We have been criticised for not providing more money for housing. In the last two and a half years we have built more houses than in any five-year period of our predecessors' term in office; built more houses at a time when housing costs rose by 58 per cent between May, 1973, and May of this year. In fact, inflation in respect of building costs was even greater here than elsewhere. That is the situation we have had to face over the last 18 months and that is how the Government has acted in order to cope with it.
As Deputies are aware, the current deficit derived, in part, from our efforts to improve social services, to make life better for the sick, the old, the infirm, the unemployed and deprived in society. Spending on social services has risen from a total of £475 million in 1972-73 to £968 million this year. In that area it is indeed obvious that compassion has been the keynote of our policy. But these efforts on the capital programme have succeeded in keeping unemployment at a lower level than it might have been otherwise. We have managed to keep the percentage increase in the numbers unemployed better than in many other countries I have mentioned, though the rate of unemployment here, in so far as it is comparable, is higher.
But the scope for further action to increase both employment and social benefits is subject to two clear limitations. The first of those is the obvious one referred to here yesterday and again this morning, the amount that can be raised by way of taxation and borrowing. In respect of the yield from additional taxes, the increase in yield from the taxes imposed in the January budget is small in comparison with the capital needs to sustain and increase employment. Our borrowing now — and nobody denies it — is uncomfortably high and needs careful management. Indeed, I need only point out to the House that the total amount to be paid to service the debt this year, at £235 million, would exceed the total capital budget in 1971-72. A great deal of the expenditure that has had to be met by this Government was to deal with the legacy of problems we inherited and we are expected to deal with and overcome these problems in a space of a little over two years, with an unprecedented economic depression affecting the whole world, even the strongest economies.

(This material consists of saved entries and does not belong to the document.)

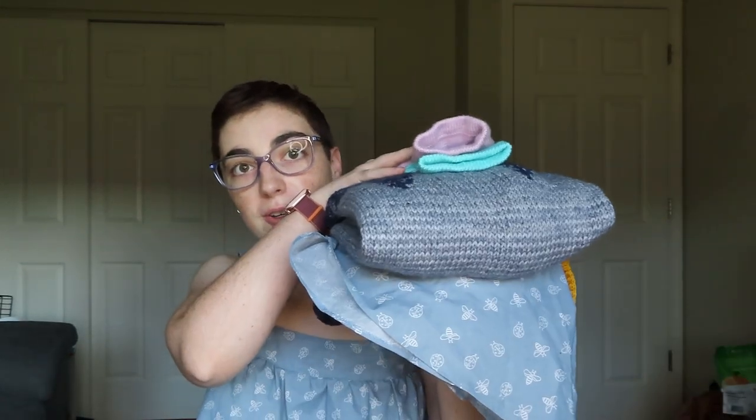Good evening everyone. Welcome to the first ever Pace Projects podcast. My name is Payton. I am a disabled fiber artist and I have gotten a lot accomplished this month. Let's start with this pile of finished objects, and this isn't even everything.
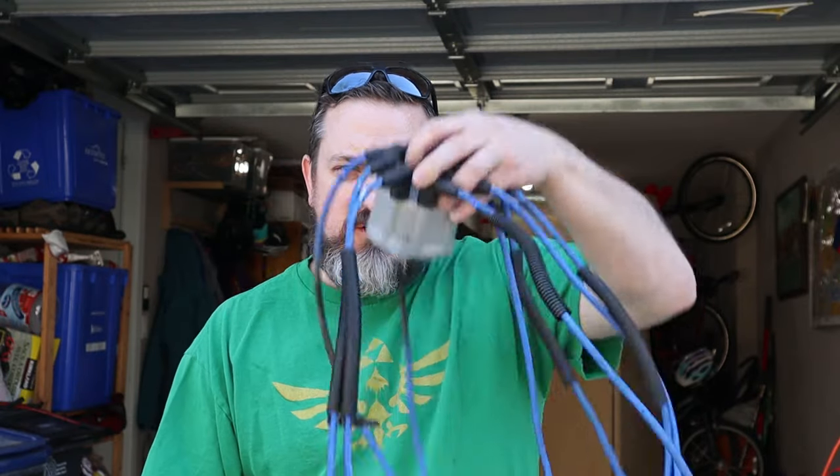Welcome back to Way of the Wrench. Today we're going to talk about spark plug wires, and in true how-to-be-a-gearhead fashion we're going to go a little bit more in depth, make some cool connections, and really make it stick up here, so stay tuned.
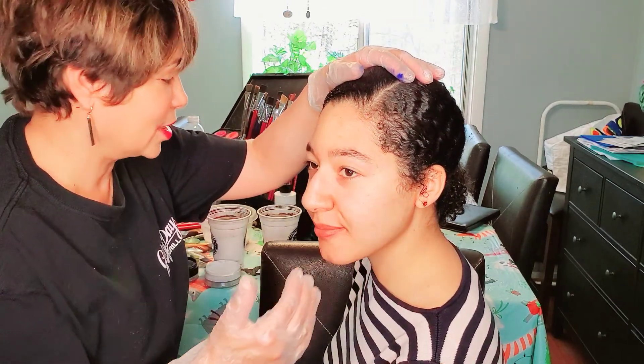Hi guys, welcome to week two of face painting tutorials presented by Glory Days Grill and their favorite face painting company, Mystical Smiles. We did a girls design last time — this time we're gonna go for a superhero look. This isn't gonna be a full face again; we're trying to make something simple that mom and dad can do at home to keep the kids occupied. We're gonna do a Batman.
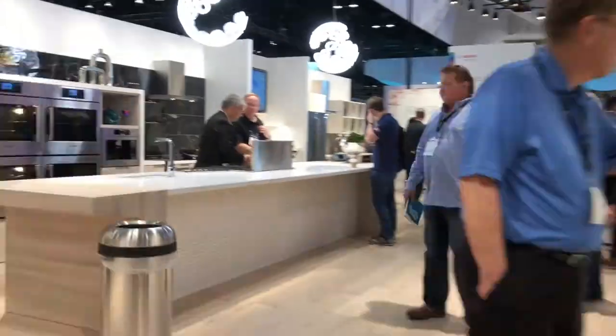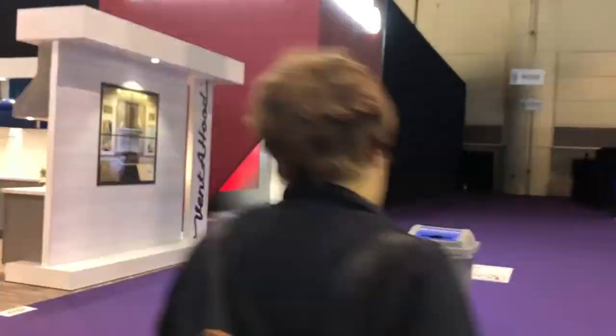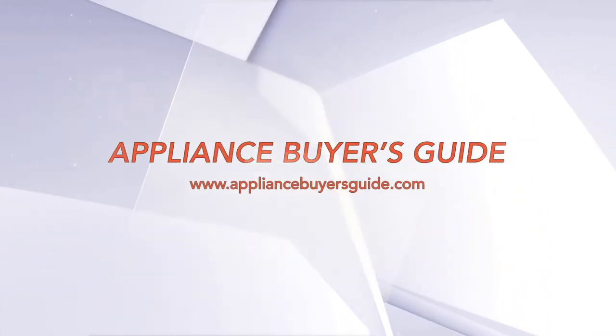Hey everybody, this is Anthony Rocco with Appliance Buyer's Guide. Today we're going to talk about clear ice makers for the home and which models are the quietest. This question is one that I just got via email the other day and one that I've gotten in the past many times, so I thought it was probably a good basis for a video.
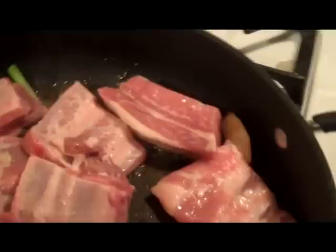Next, the ribs are added. Then the star anise and cinnamon are added. Add enough water to barely cover, about three cups, bring to a boil, cover, and reduce to a simmer.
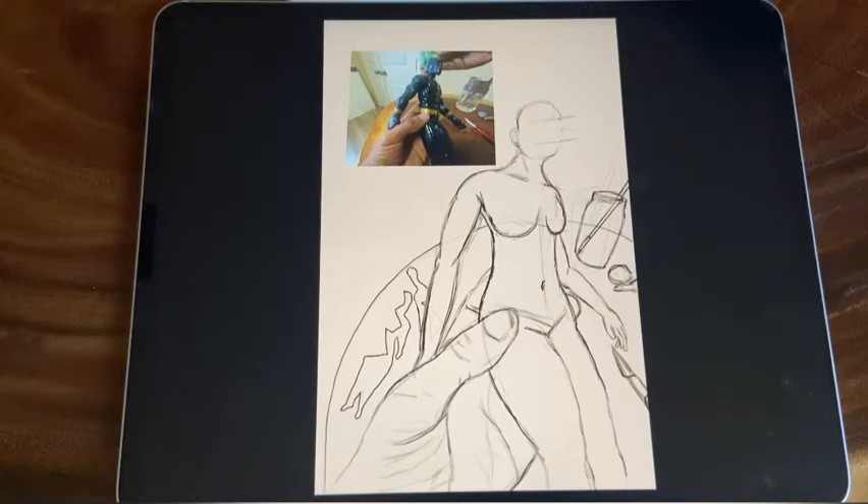And of course, I'm drawing off of — hilariously — a very masculine and muscular figure, the Black Panther figure I pulled out of my son's toy bin. You have to have some kind of reference for those, but it doesn't have to be something perfect for you to be able to get what you need out of it.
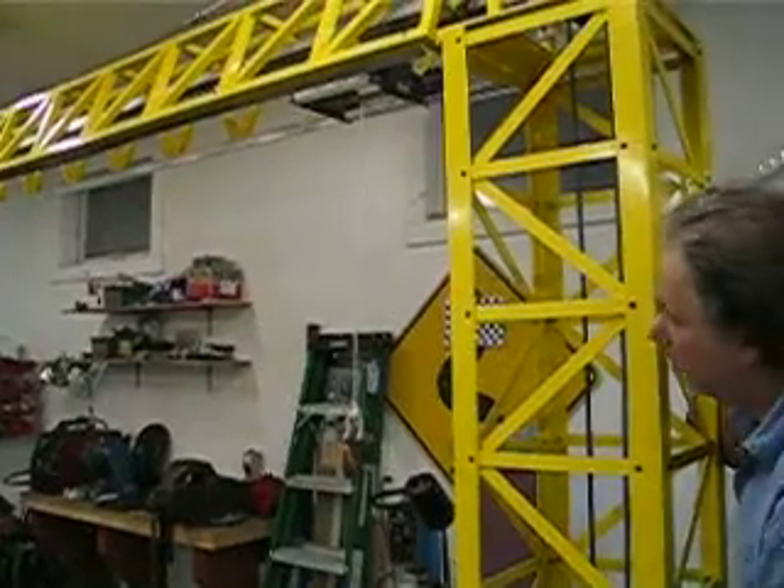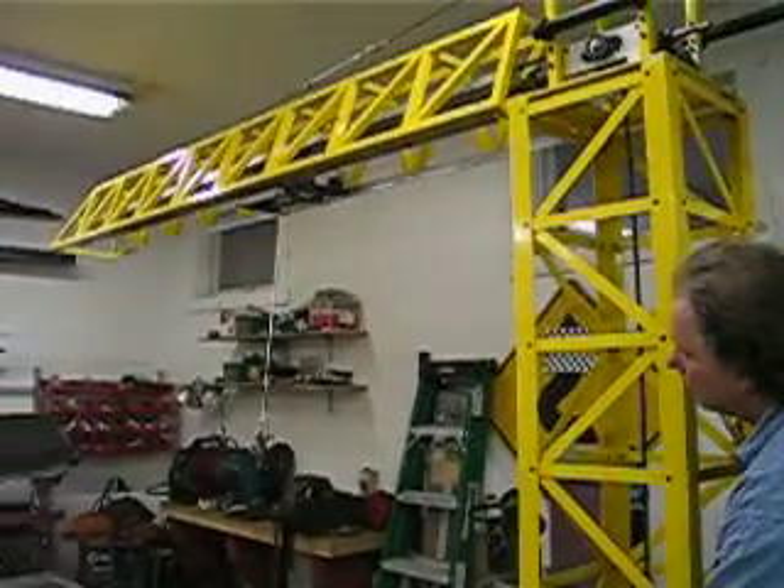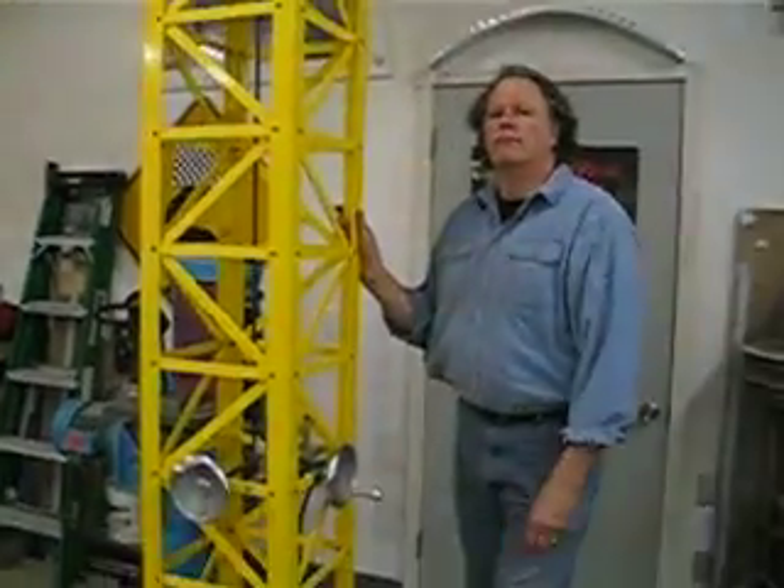I think the kids will enjoy it. It's out. There's a lot of control when the carriage is left.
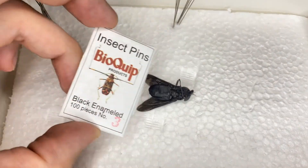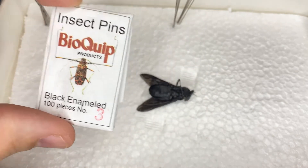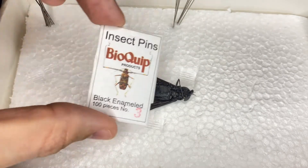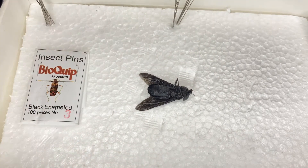Besides the bug, we also need our pins. I'm using size 3 insect pins. I can't use a regular pin that you buy at Walmart. You want an insect pin so it does not rust and kind of fall apart on your bug, because pinned insect specimens can last hundreds of years if they're properly cared for.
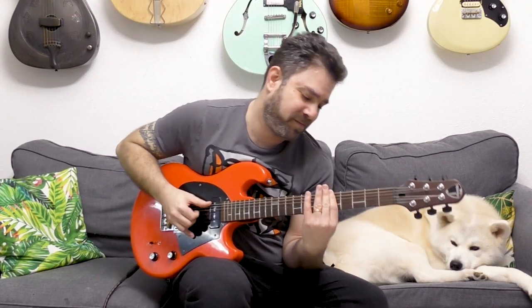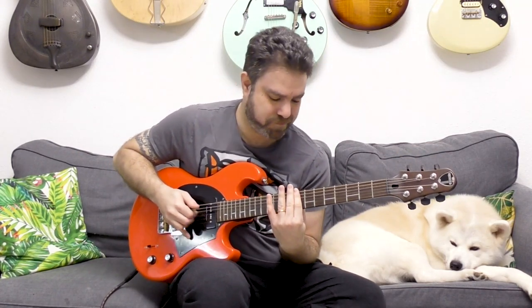Last month I made a lesson on this on acoustic, so you wrote me and asked if you could play it on electric as well — and the answer is a resounding yes, a funky yes. It goes something like this. And that's just the basics — you can elaborate on this further, and we are going to explore this.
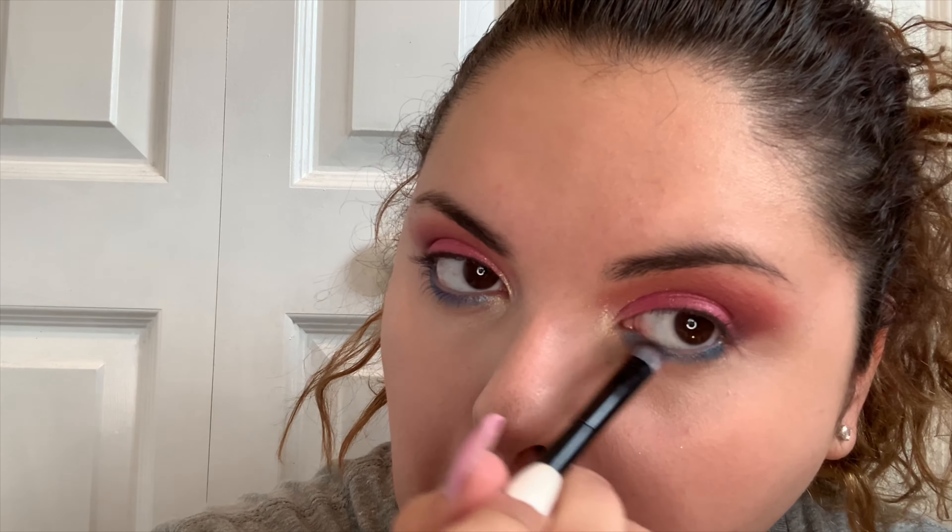A really pretty pink with this gold right here — really nice. So now we're going to go in with a little bit more concealer here to cover this up, covering up the bags we have. Goes on really nicely.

The second obvious limitation in respect of public expenditure is that it is at the point at which it, in itself, is causing inflation; it arises from the very nature of public expenditure. The Government must raise money with which to finance its services. Of course, if the public were willing to accept that the Government would spend money on their behalf and forego a corresponding amount of spending themselves, then the decision to increase Government expenditure obviously would not increase the total amount of demand or spending within the economy. Of course, this does not happen. What happens is that both public and private expenditure press on the same volume of resources, without either giving way to the other and when the capacity of our economy to supply the variety and quantity of goods people require is limited, the consequence is either inflation or an insupportable increase in the balance of payments deficit. Of course public expenditure contributes in a more direct and measurable way to inflation. Increases in indirect taxation tend to increase the consumer price index which, in turn, causes wage and salary increases or expectations, and increases in direct taxation work in a similar way.
There is no source of funds on which the State or anyone else can draw inexhaustibly. To take an example of this, one suggestion has been made that somehow we should use the banks' profits. The banks have made and are making a substantial contribution to the financing and management of State programmes. They are taking the initiatives in relation to housing which the Minister for Finance has dealt with yesterday in his opening speech. They provide finance for agriculture, industry and trade. It is important that everyone should be aware of the contribution the banks are making to the running of the State, and in fairness this should be acknowledged.
What they are dealing with is the money which the people of this State and of other States have left with them, no more and no less. Like other institutions here and elsewhere they make a certain level of profit from their business. That profit is subject to the same rules, more or less, and the same requirements in respect of taxation as the profits of other businesses and I may say, erosion by inflation as the surpluses of any other concern. And these profits are just as necessary, as in other businesses, to the health and well-being of the system, which, so far as the banks are concerned, must safeguard the accounts of tens of thousands of ordinary individuals throughout the State.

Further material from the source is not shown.